→ **Task requirements**
Pictures in the records below must be left out. Return exactly the lines from the line with "Карбонов лип спойлер" to the line with "Фото Отдельный дом, 5 комн, 550м²", both included.

→ **Supplied records**
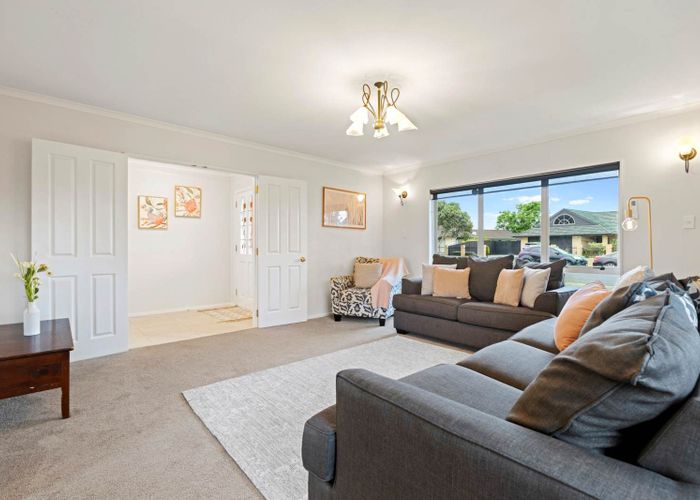  at 15 Longford Park Drive, Takanini, Auckland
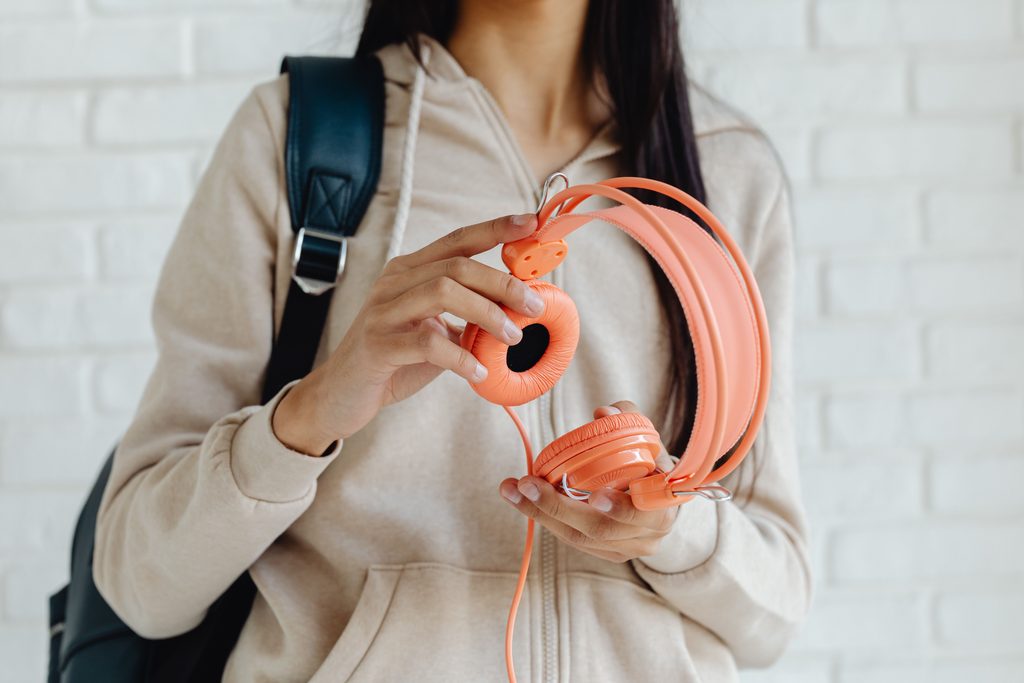 De ce tot mai mulți tineri nu renunță la căști nici măcar câteva minute. Ce spun specialiștii despre acest obicei
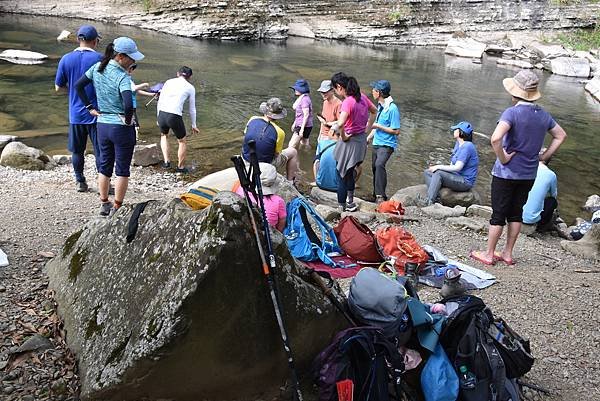 北勢溪古道走至灣潭 - 炎炎夏日溪邊野餐避暑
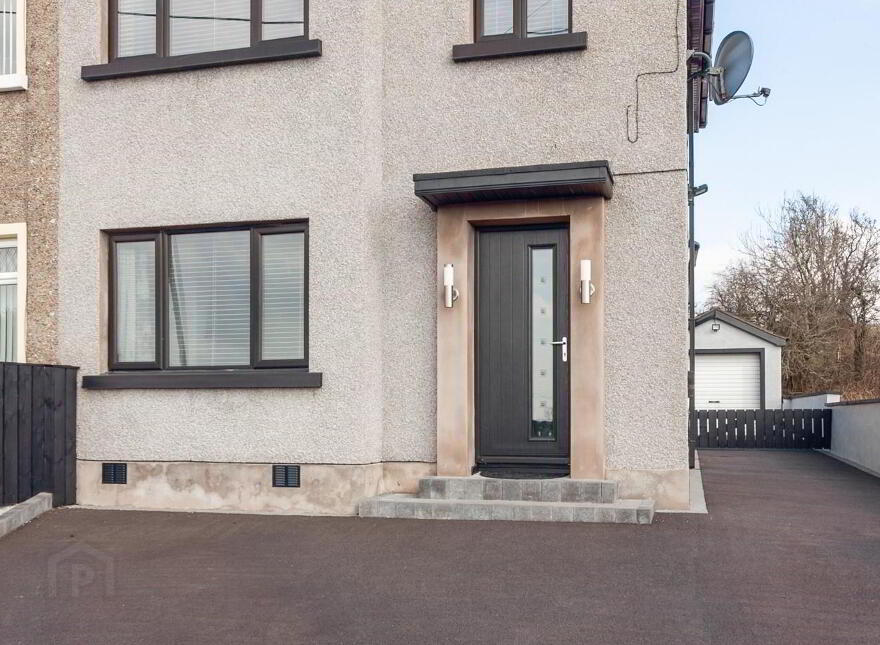 131 Ballyrobert Road, Ballyclare, BT39 9RT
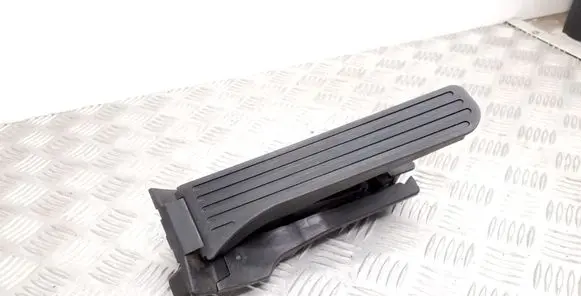 Volkswagen Touran II Accelerator throttle pedal 1T2721503K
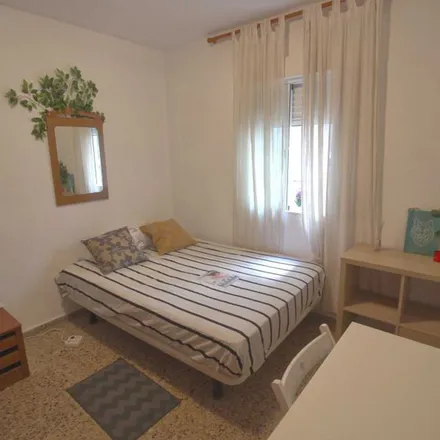 Rent this 1 bed apartment on Carrer del Mestre Valls in 46022 Valencia, Spain
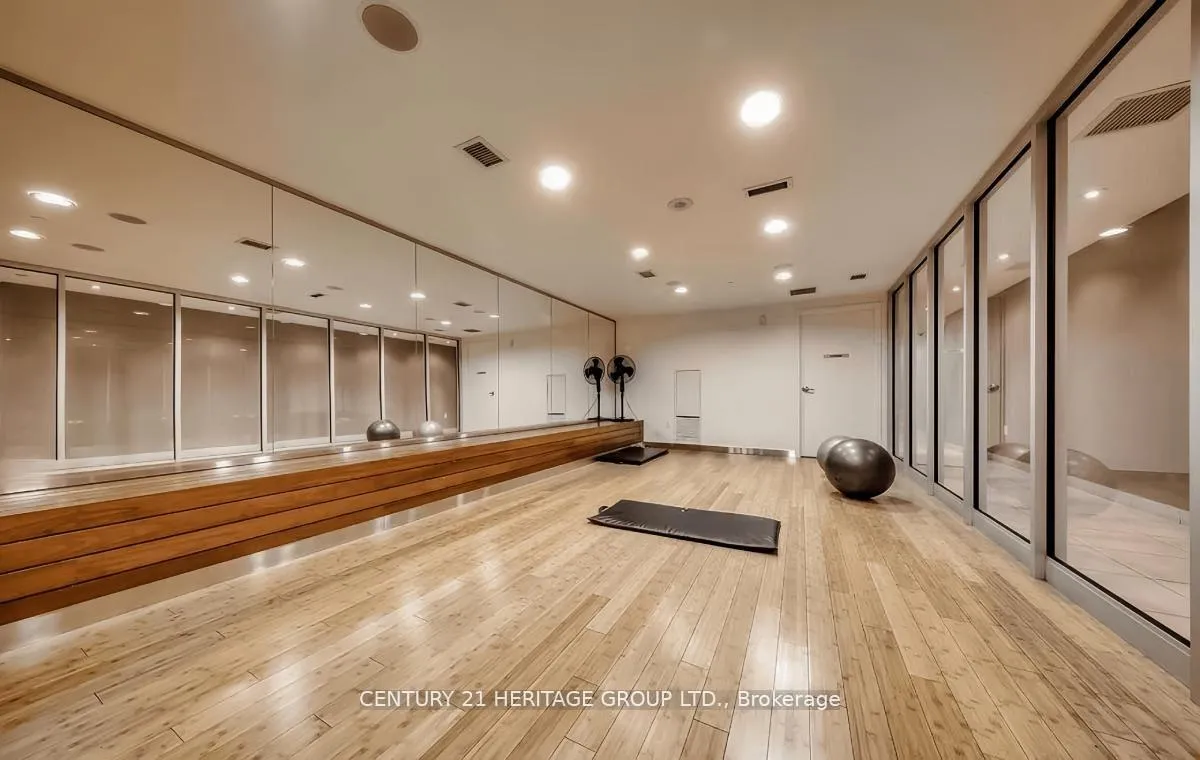 Photo 20 of Unit 3301, 21 Iceboat Terrace, Toronto, Waterfront Communities — HOMEH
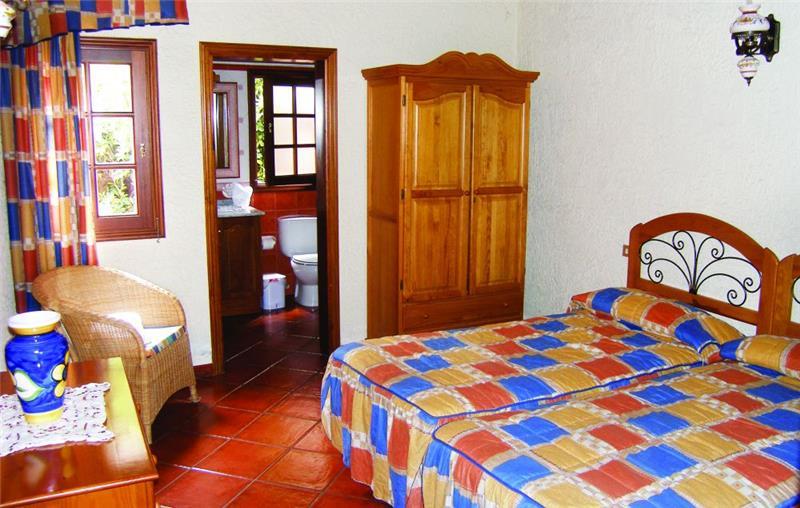 Sea-view villa in Tenerife, photograph 12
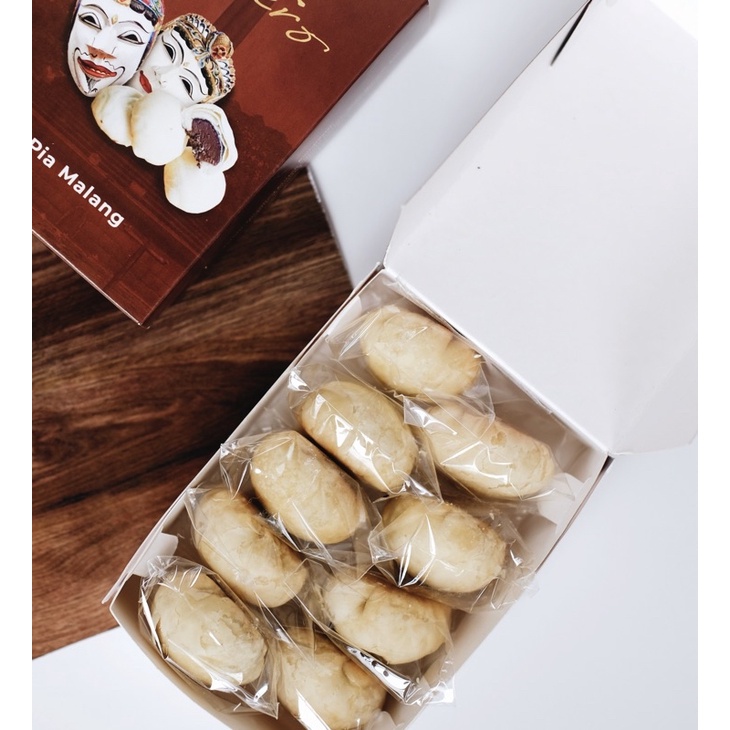 

Pia Coklat Khas Malang Coklat Keju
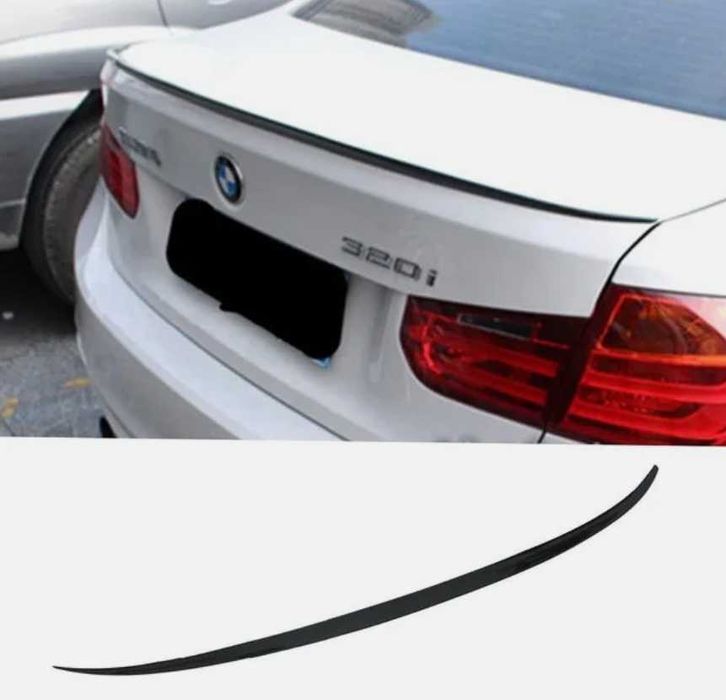 Карбонов лип спойлер за задния капак на автомобила.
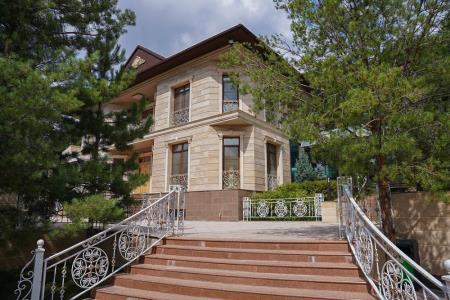 Фото Отдельный дом, 5 комн, 550м²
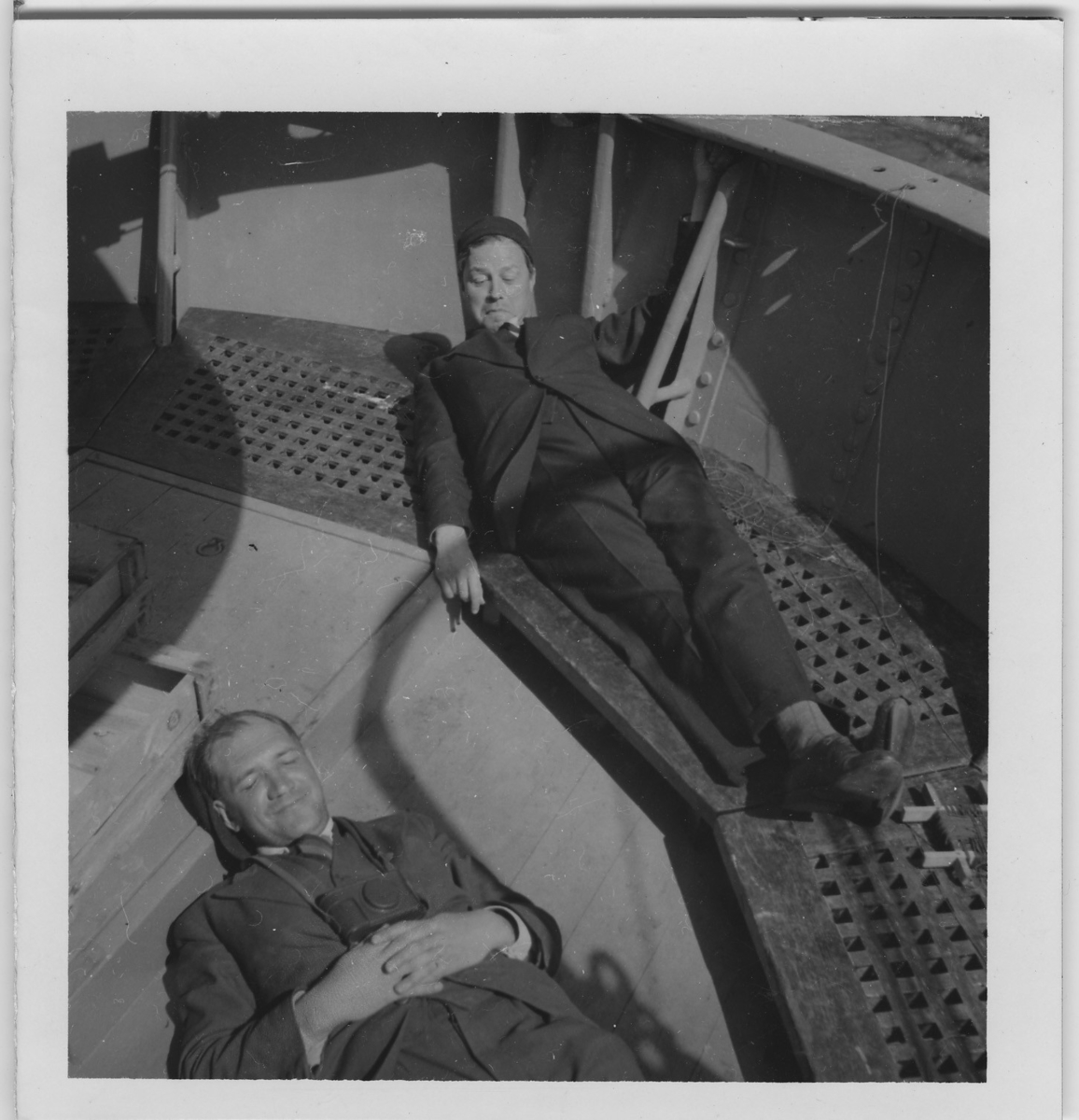 '''Skageraks''expedition 6-10 juni 1939: ::  :: Dr Orvar Nybelin (till vänster) och Dr Hans Höglund (till höger) ligeger och solar på Skageraks däck. ::  :: Ingår i serie fotonr. 4100:1-10.'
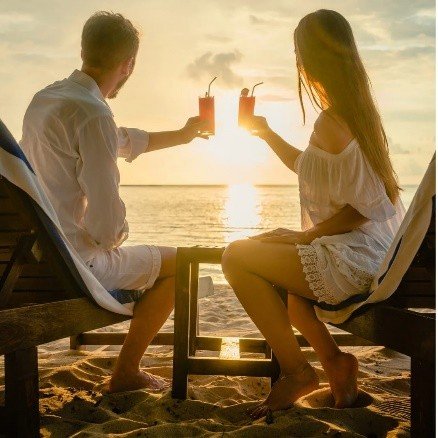 Pasangan sedang menikmati sunset dalam honeymoon package lokal dan internasional.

→ **Expected answer**
 Карбонов лип спойлер за задния капак на автомобила.
 Фото Отдельный дом, 5 комн, 550м²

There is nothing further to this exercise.